Now, Neves Valente is dead at age 48, suspected of committing two shocking acts of violence — and authorities in both the United States and Portugal are looking for any motive that could explain his actions.
Officials believe Neves Valente was responsible for a mass shooting that killed two students and injured nine other people on Saturday at Brown University in Providence, Rhode Island. He is also suspected of fatally shooting 47-year-old Massachusetts Institute of Technology professor Nuno Loureiro at Loureiro’s home in the Boston suburb of Brookline on Monday.
The shootings gripped residents of Rhode Island and Massachusetts as days passed without anyone in custody. Then on Thursday, authorities announced they had closed in on a storage unit in Salem, New Hampshire, where they found Neves Valente’s body, and said he appeared to have died from a self-inflicted gunshot wound.

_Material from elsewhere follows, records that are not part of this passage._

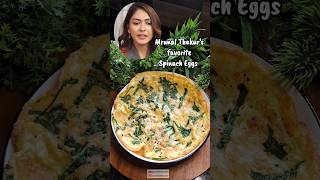 Mrunal Thakur's favorite Spinach Eggs 🔥#shorts #yt #breakfast #mrunalthakur #egg #omlet #viralshort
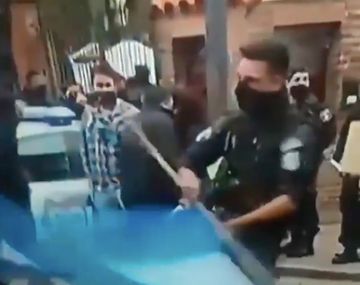 Policía Locomía: el viral de un día agitado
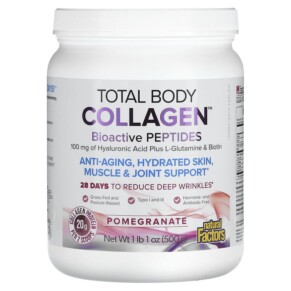 Natural Factors Total Body Collagen Bioactive Peptides Pomegranate 100 mg 1 lb 1 oz (500 g) 068958026350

Little is known about how he chose his targets, though Neves Valente has past connections to Brown and to Loureiro. Both Neves Valente and Loureiro attended the Instituto Superior Técnico in Lisbon from 1995 to 2000, according to the school, which said that both were enrolled in the undergraduate program in technological physics engineering. Rogério Colaço, the president of Instituto Superior Técnico, told the Portuguese newspaper Expresso that Neves Valente graduated with a final average grade of 19 out of 20 — an exceptionally high score, particularly given how rigorous the university is.

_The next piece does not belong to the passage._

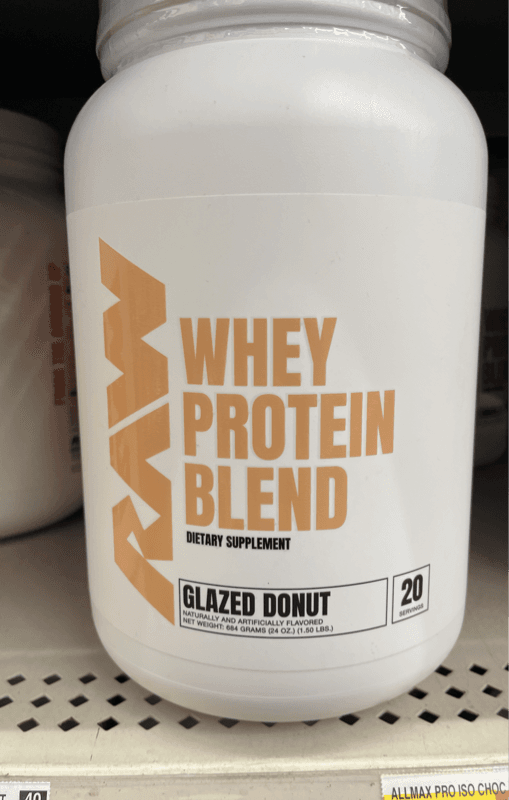 Raw Whey Protein Blend Glazed Donut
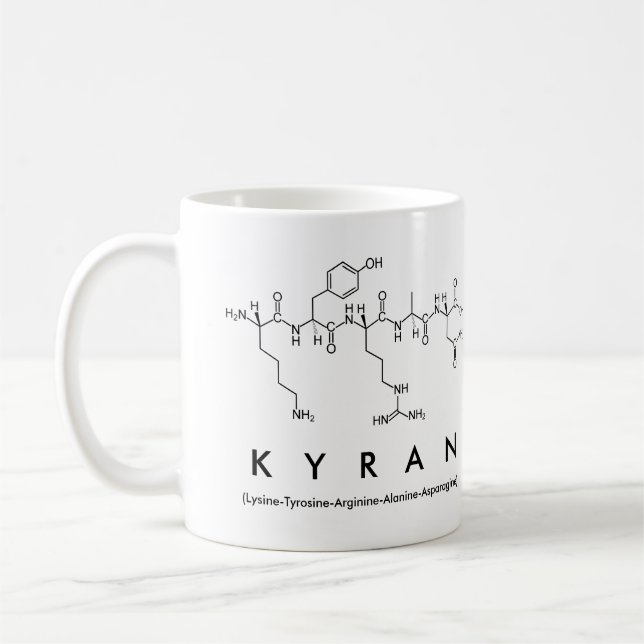 Caneca De Café Kyran peptide name mug (Esquerda)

“Most classmates have no memory of Cláudio Valente, other than the fact that he was the top student in the program that year,” Colaço told Expresso.
Even before starting college, Neves Valente had made a strong impression academically. He represented Portugal at the 1995 International Physics Olympiad for secondary school students, in Canberra, Australia, a news clip from the science publication Gazeta da Física shows.

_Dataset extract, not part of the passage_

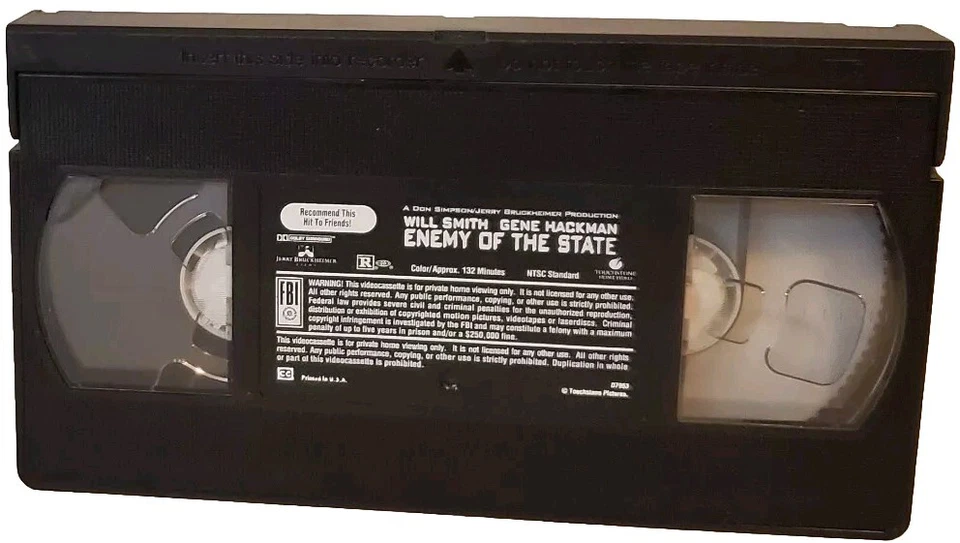 Enemy Of the State - VHS - Gene Hackman - Image 3 of 3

A Providence police affidavit says that Neves Valente came to the U.S. to attend Brown University from August 2000 to spring 2001 on a student visa as a Ph.D. student in the physics program. He requested a leave of absence from the school in 2001, and ultimately withdrew in 2003, the affidavit said.
Neves Valente did not obtain a degree during his time there, Brown’s president said in an email, and he did not have a current affiliation with the university. The email said that during his three semesters at Brown, Neves Valente most likely would have spent time in Barus & Holley, the building where Saturday’s massacre occurred.
The Providence police affidavit said that Neves Valente obtained legal permanent resident status in 2017. Public records show he lived in Las Vegas that year and, more recently, appeared to reside in Miami. He had rented a hotel room in Boston twice in late November, an FBI agent wrote in a separate affidavit.

A tipster on the chat forum Reddit led authorities to track down Neves Valente after the shootings. The Portuguese Criminal Police, Portugal’s investigative force, said it was cooperating with U.S. authorities in the investigation.
The Brown University students killed in Saturday’s attack were identified as Mukhammad Aziz Umurzokov and Ella Cook. Umurzokov, from Uzbekistan, was remembered by his aunt as kind and smart; Cook, from Birmingham, Alabama, had been the vice president of Brown’s college Republicans group and was described by her church as an “incredible, grounded, faithful, bright light.”
Loureiro had been a world-renowned plasma physicist and fusion scientist who joined MIT in 2016. A former colleague described him as a popular professor who enjoyed engaging with his students.
In a video posted to YouTube earlier this year, Loureiro spoke about his work and offered advice to students in his field.
“I think on any given day, it’s tempting to go for the low-hanging fruit,” he said. “Be a little more ambitious and tackle the really hard problems.”